La “ceguera” del amor

Autor: Padre Fernando Pascual, L.C.

Fuente: catholic.net (con permiso del autor)   

 

 

Una frase repetida mil veces llena a fijarse en los corazones como una verdad inconmovible. También cuando esa frase encierra una inexactitud, un error o una mentira.

“El amor es ciego”. Lo repetimos una y otra vez. Pero más de uno ha alzado la voz, se ha rebelado contra estas cuatro sencillas palabras.

André Frossard es uno de esos rebeldes. En su obra “Dios existe, yo me lo encontré” (p. 30), exclama: “¿Quién dijo que el amor es ciego? Es el único que ve bien: descubre bellezas donde nada ven otros”.

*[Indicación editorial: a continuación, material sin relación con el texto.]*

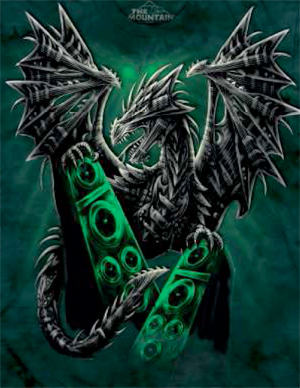 (image for) Electric Dragon Shirt - Click Image to Close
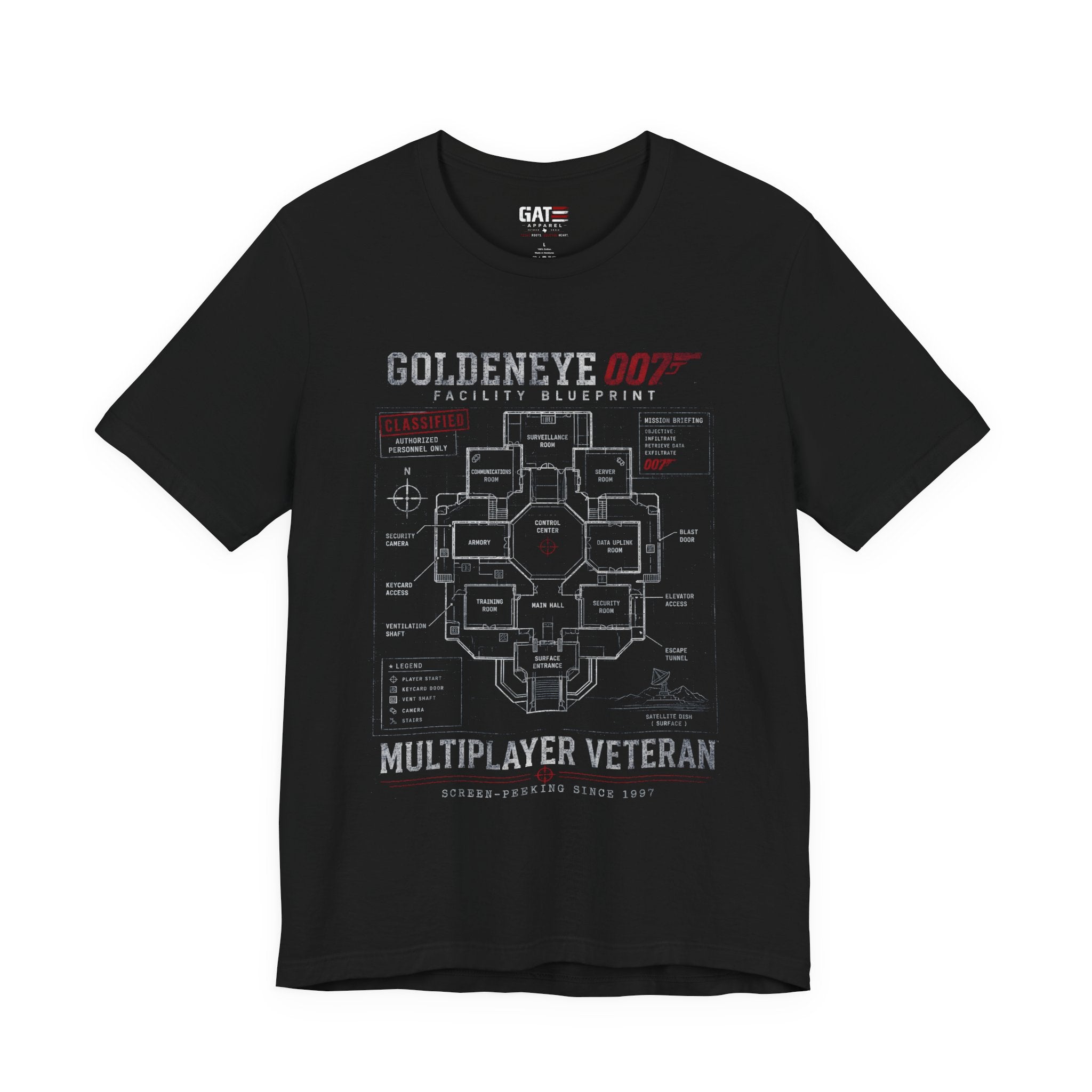 GoldenEye 007 Shirt, Retro Gaming Shirt, N64 Gamer Gift, 90s Gaming Shirt, Father's Day Gift for Him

En cada realidad, en cada rincón de nuestro mundo inquieto, hay mil bellezas escondidas. Muchos no las ven. Pasan (pasamos) con prisas entre los cipreses, los jilgueros y los ríos. Corremos por las calles sin fijarnos en las palomas o las nubes. Cerramos los ojos a tantos rostros que nos parecen indiferentes, fríos, fugaces, tal vez hostiles o apáticos.

“El amor descubre bellezas...” Desde el amor, una madre sabe lo hermoso que es ese hijo al que los profesores consideran un incorregible peligroso. O lo que vale ese otro hijo siempre enfermo, siempre pálido, incapaz de mantenerse en pie por esos dolores que son más profundos en la madre que en el hijo.

Desde el amor un hijo aprecia a sus padres ancianos. Aunque no puedan valerse por sí mismos, aunque las arrugas hayan deformado aquellos rostros siempre tan alegres, aunque las circunstancias de la vida hagan que el hijo y los padres vivan separados por mares, montañas y fronteras.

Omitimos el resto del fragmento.